◆ **Dataset extract**
=-=-=-=-=

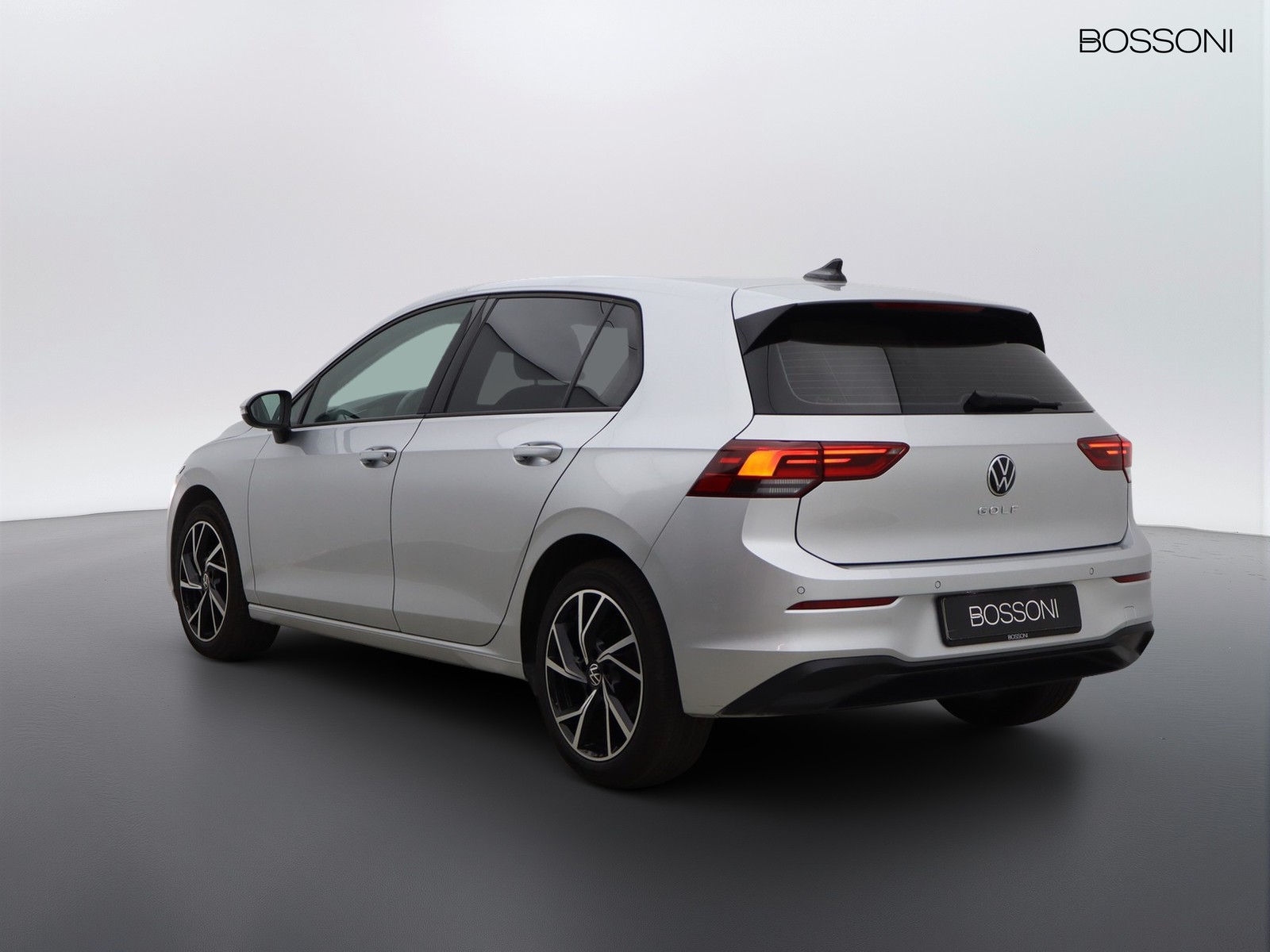5 - Volkswagen Golf 2.0 tdi scr 115cv life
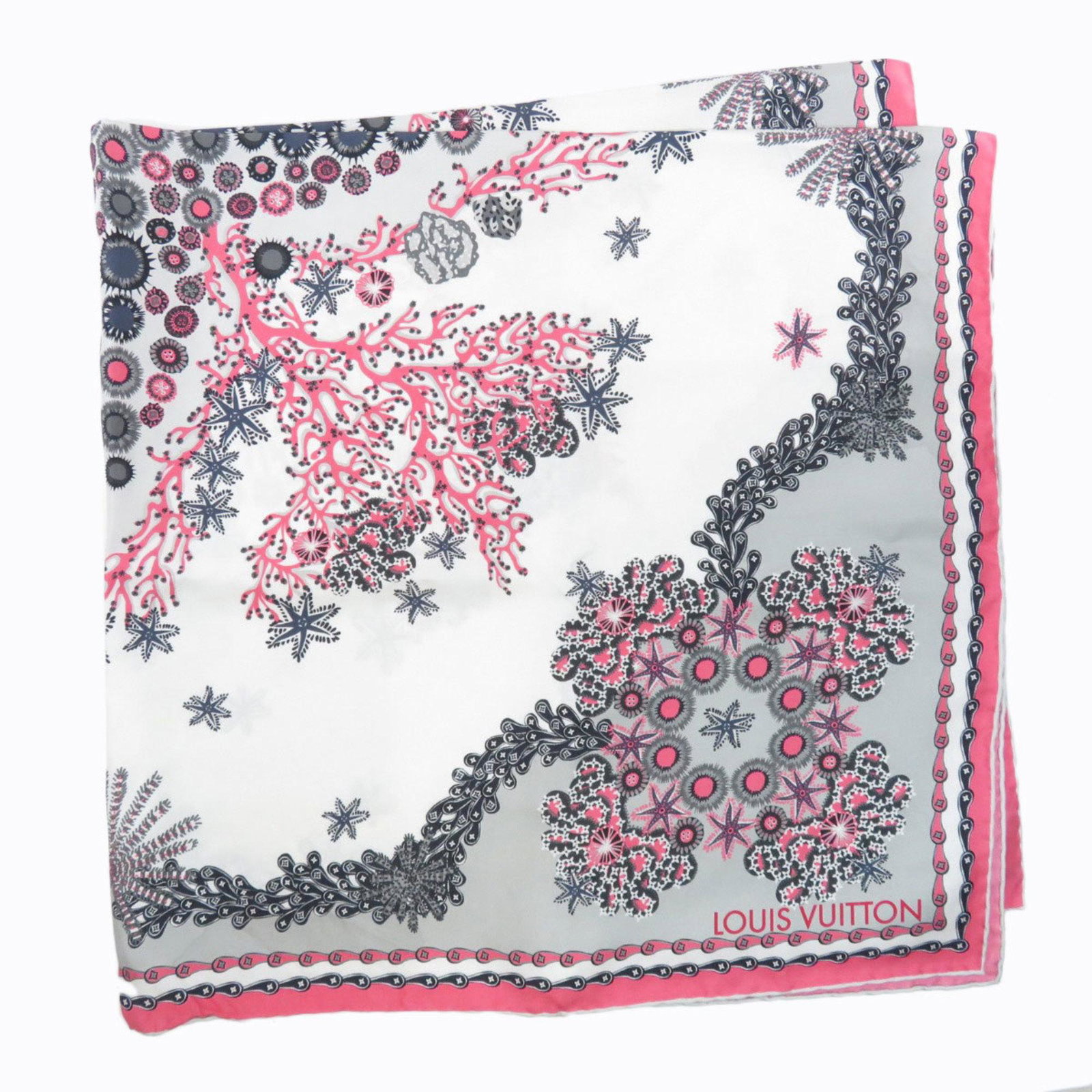 Louis Vuitton M78664 Coral Motif Scarf Silk Ladies LOUIS VUITTON: Louis Vuitton M78664 Coral Motif Scarf Silk Ladies LOUIS VUITTON Brand: Louis Vuitton Type: Scarf Gender: Women Color: Gray Pink White Material: Silk Silk: Size (LxW): 89cm x 89cm / 35.03 x 35.03 Cond
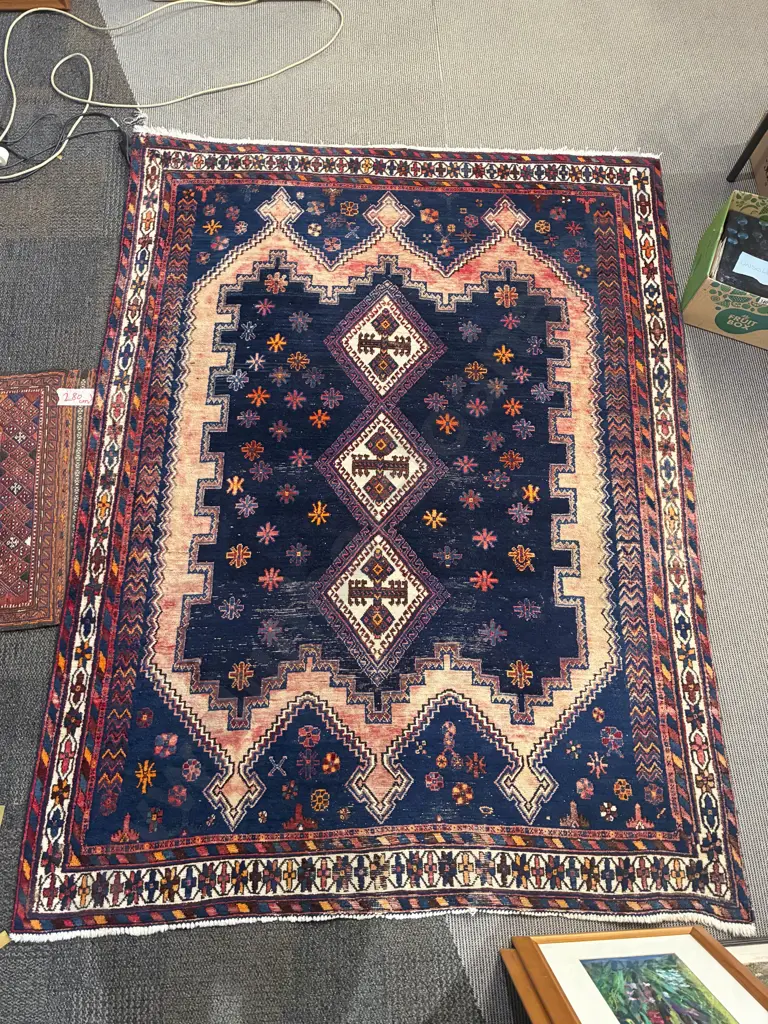 Persian Floor Rug Image 1++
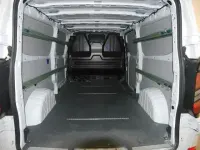 Usado Ford Transit Custom 136 HP (100 kW) 2024 Branco Sedan
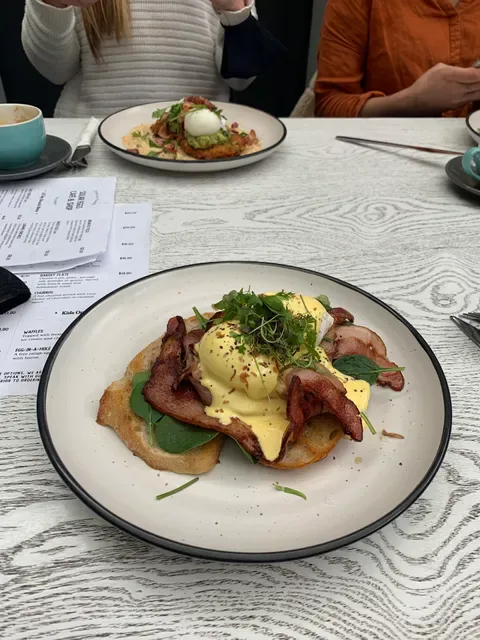 Solar Eggs - Egg Shop & Coffee House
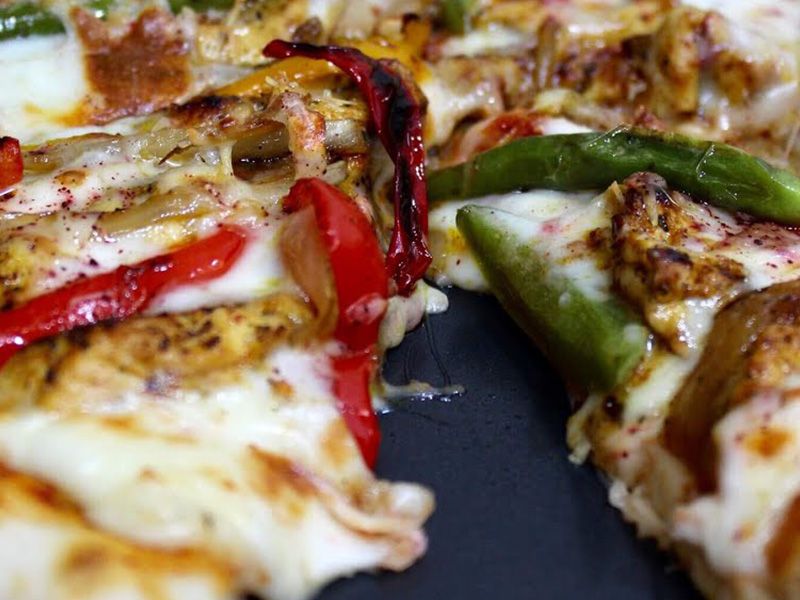 Chicken Shawerma Pizza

=-=-=-=-=

◆ **Your assignment**
Where the line containing "Solar Eggs - Egg Shop & Coffee House" appears, begin writing out the lines word for word, and continue through the last line of the data, leaving out pictures.

◆ **Expected answer**
 Solar Eggs - Egg Shop & Coffee House
 Chicken Shawerma Pizza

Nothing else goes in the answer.